Rick: There's the myth out there that the definition of one-on-one only applies to Medicare. The American Medical Association are the ones that create the CPT codes. They own them, and they are copyrighted. So if a CPT code in the CPT book says requires direct one-on-one patient contact, that applies to all payers. For example, if we had two Medicare patients come in at eight o'clock, I think everybody listening today would agree, well, I'm gonna split the time between them. 

Where people make the mistake is, okay, from eight to nine, we're gonna have a Medicare beneficiary and a commercial payer beneficiary. I guarantee most people listening will say, okay, I'm still just gonna put that Medicare patient two units, I'm gonna build that commercial payer four, because the definition of one-on-one does not apply. For the third example, from eight to nine, we have two commercial payers and patients.

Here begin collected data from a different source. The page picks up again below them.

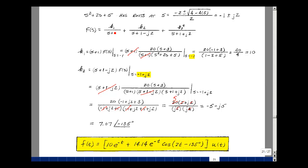So now we can find the inverse Laplace transform f of t using our table. K1 was equal to 10, so we get 10 times e to the minus t. For the complex pole pair, we use the cosine form: the coefficient is twice the magnitude of k2, which is 14.14, times e to the minus t times cosine of 2t minus 135 degrees. Multiply that by u of t.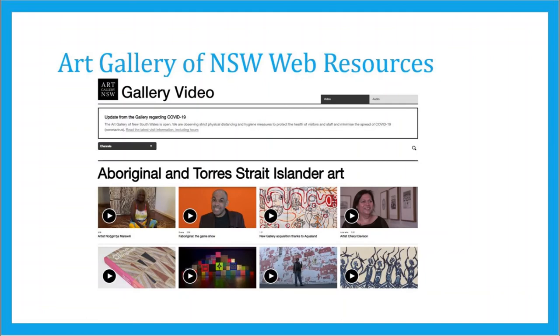The Aboriginal and Torres Strait Islander collection, aligned with the visual arts curriculum, offers an invaluable insight into the histories and cultures of Indigenous Australians.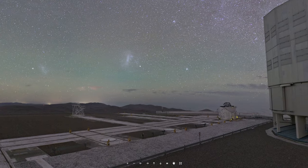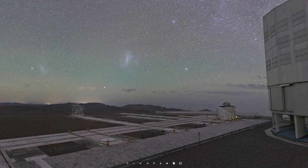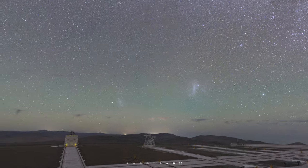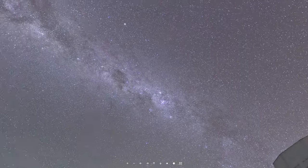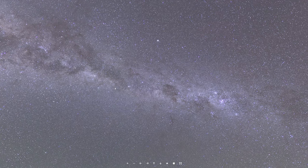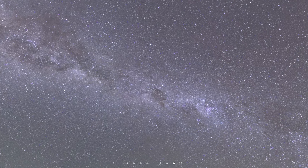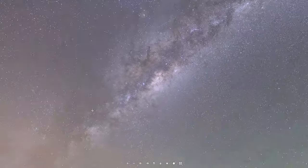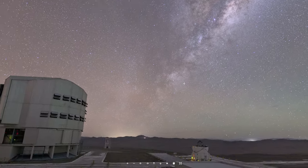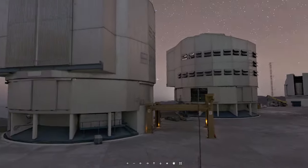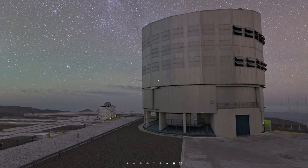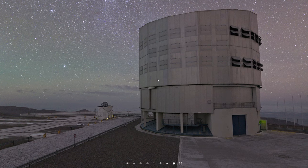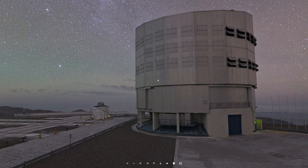Here you can see the four main telescopes and the four smaller movable ones — this is where all the discoveries are going to happen. Look at the night sky — this is our Milky Way on the Southern Hemisphere. Unbelievable. Beautiful. Now you know the Very Large Telescope, also called the Paranal Observatory or the VLT Observatory.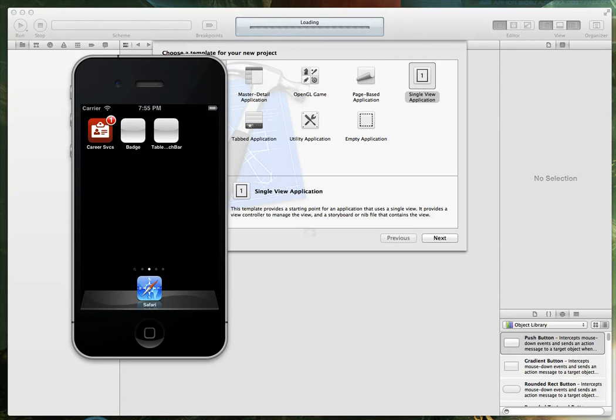Hi guys and welcome to this iOS development tutorial. In this video we're going to be taking a look at UI search bars.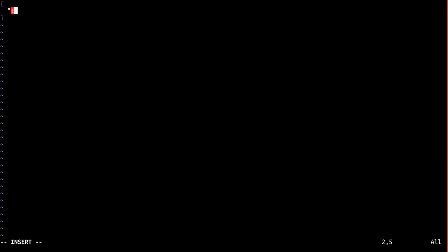As this is a model definition, the type is model. Series refers to the Ubuntu Core series we're using. In our case, it's series 16, which corresponds to Xenial.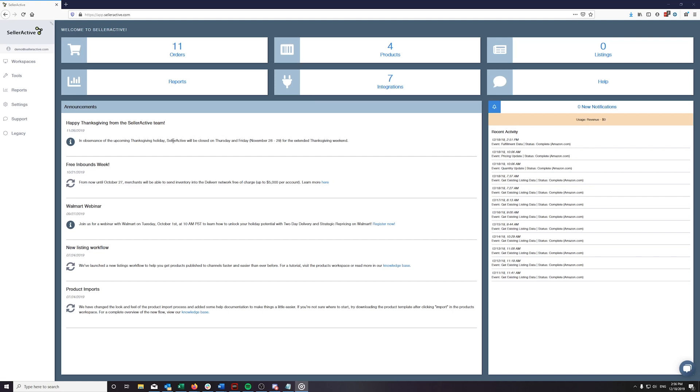Hello, and welcome to a SellerActive video tutorial on the product variation process. We have designed our variation tools to simplify the process of creating new variation links as well as modifying existing variations.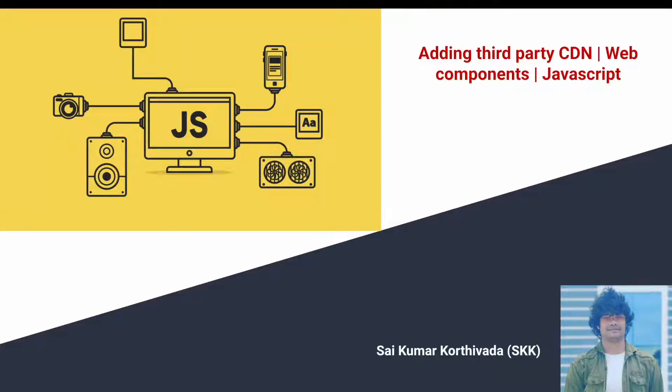This is Aikumar Korthyavada. In this video we will see how to add a third party CDN into our web components and how to use them.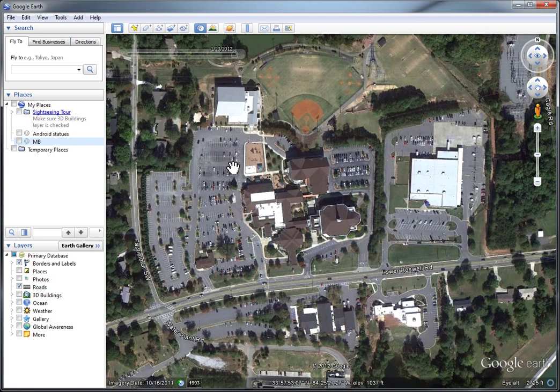In some places you can click on the historical imagery and actually drag it forward to see newer imagery than what Google Earth typically shows you. It's a neat way to sometimes grab a newer snapshot of an area if you're looking for a certain feature that's been recently added. So that's a quick look at historical imagery in Google Earth.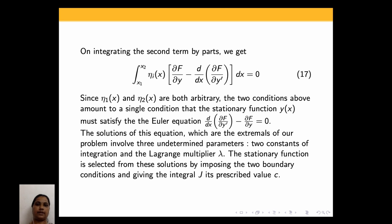Since η₁(x) and η₂(x) are both arbitrary, the two conditions amount to a single condition that the stationary function y(x) must satisfy the Euler equation: d/dx(∂F/∂y') minus ∂F/∂y = 0. The solutions of this equation — the extremals of our problem — involve three undetermined parameters: two constants of integration and the Lagrange multiplier λ. The stationary function is selected from these solutions by imposing the two boundary conditions and giving the integral J its prescribed value c.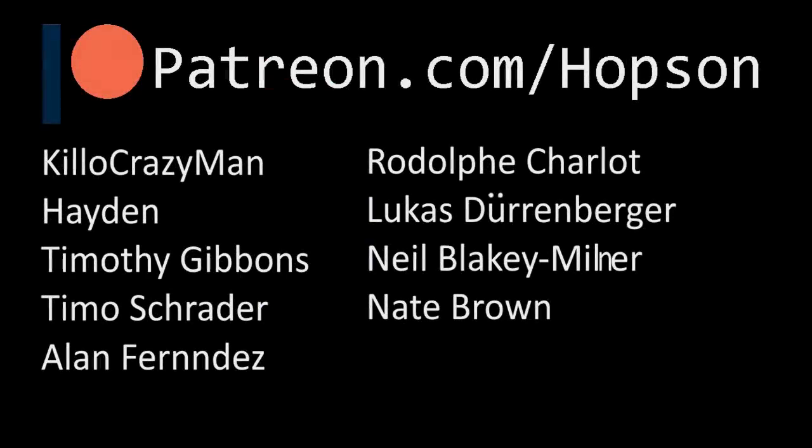So anyways, quick shout out to my Patreon supporters. Thank you KillerCrazyMan, Hayden, Timothy Gibbons, Timo Schroeder, Alan Fernandez, Rudolf Charlott, Lucas Dürrenberger, Neil Blakely-Milner, and Nate Brown. Thank you for the support.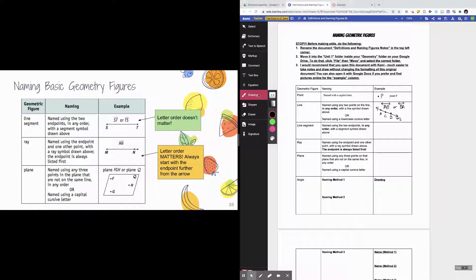Line segments come next — a line segment is just a part of a line. The difference is that a line segment has two distinct endpoints, so instead of arrows on both ends it has just points on both ends. Because both endpoints are the same type, the order doesn't matter. So I could call this line segment ST or TS — order does not matter here at all.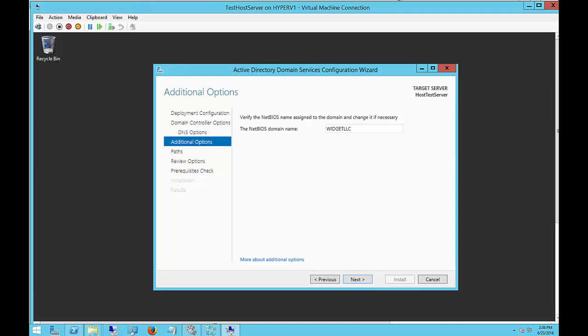The NetBIOS name comes up next, and that's just going to show the name without the top-level domain after it, and that's used for your domain name when you're logging in. For instance, when I log into the domain after I reboot, it's going to be Widget LLC backslash Administrator. The NetBIOS domain name is left over from the NT4 days prior to Active Directory and unfortunately they have not figured out a way to get rid of it. Let's go ahead and click Next.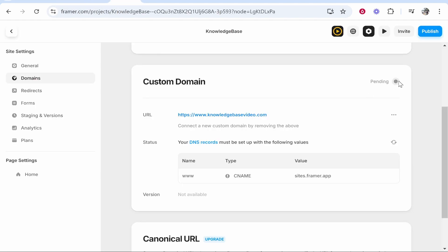So you can see mine's set up. I'm just going to wait for this to go green but that's how you do it. I hope that video helped.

It's just me. I go back and forth between them for the whole hour, maybe only spending 30 minutes one-on-one with each one. Yet people still bill for full-time because they don't realize the definition of one-on-one applies to all payers, all insurances, not just Medicare.

On Mistakes Made Using the Group Code

Rick:  I think the group therapy CPT code (97150) is the most confusing CPT code out there. When I speak live in front of people, I say it's still so confusing, it takes me six slides to explain it when I'm doing these onsite seminars. People just think because I have two or more patients in my clinic at the same time, and it's just me, it's automatically gonna be group therapy. Well, actually there’s more to it than just that.